YOUR GOAL | All lines below between the line with "Webcam Model (Francenia_lolis) is live" and the line with "Used 2025 Land", including both, must be copied exactly, and the pictures must be omitted.

SOURCE RECORDS |

──────

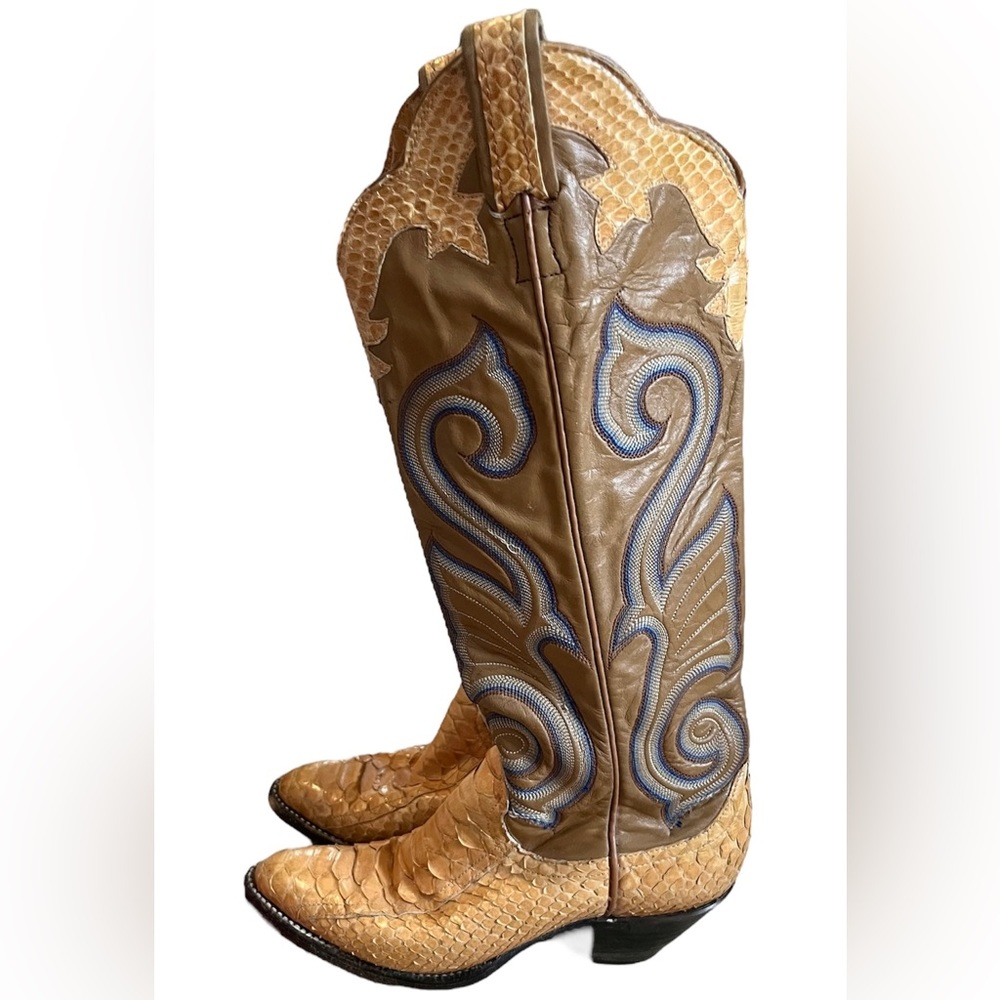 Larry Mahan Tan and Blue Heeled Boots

──────

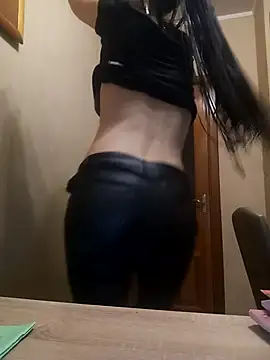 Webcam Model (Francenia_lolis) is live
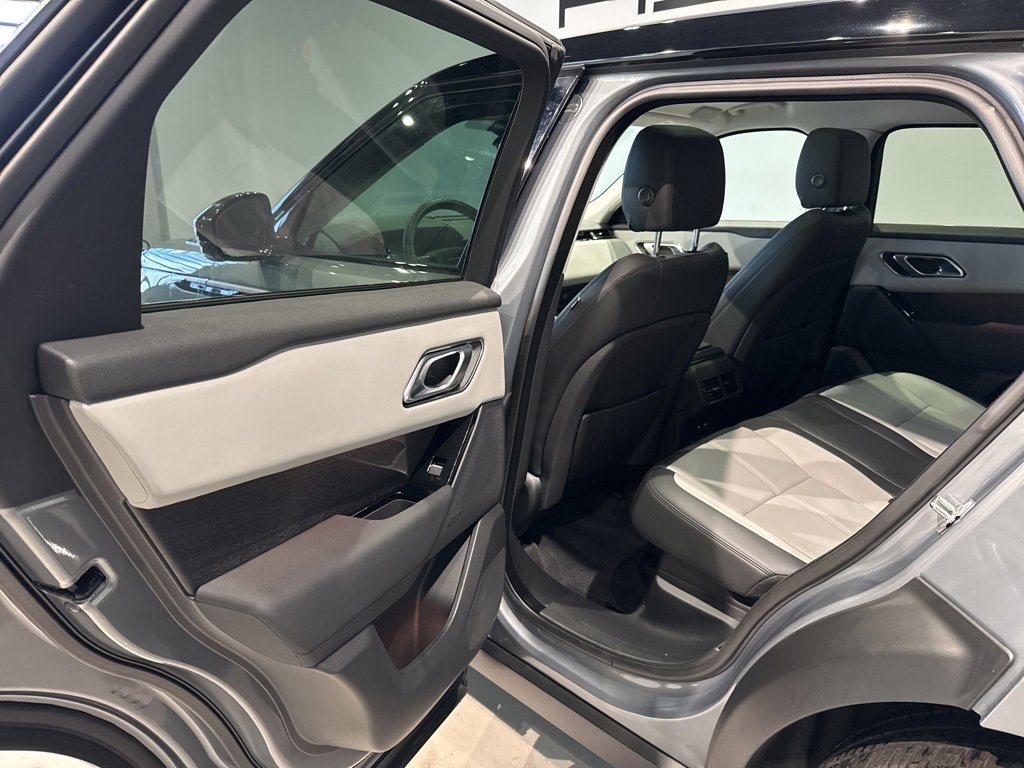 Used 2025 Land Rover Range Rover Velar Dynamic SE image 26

──────

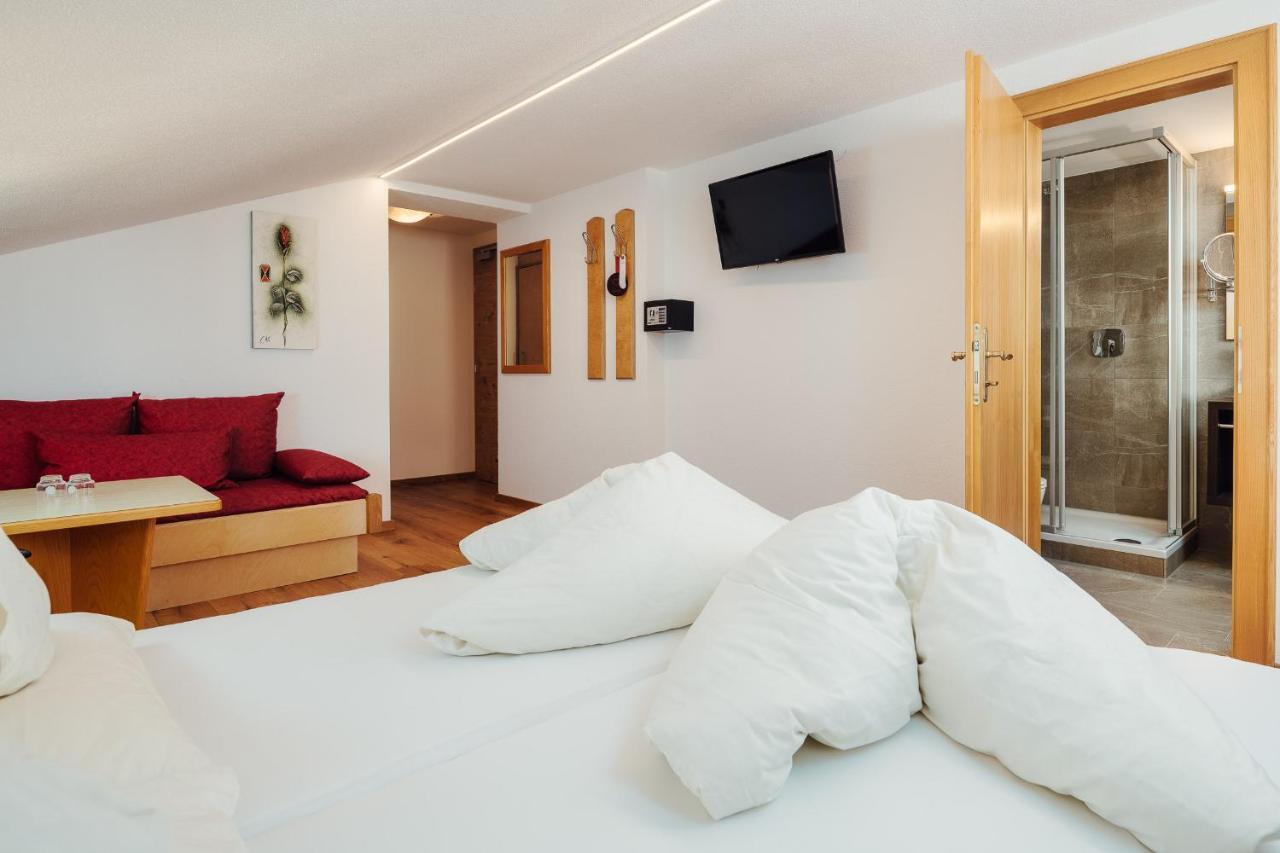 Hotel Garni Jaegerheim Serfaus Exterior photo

──────

SOLUTION TO THIS PROBLEM |
 Webcam Model (Francenia_lolis) is live
 Used 2025 Land Rover Range Rover Velar Dynamic SE image 26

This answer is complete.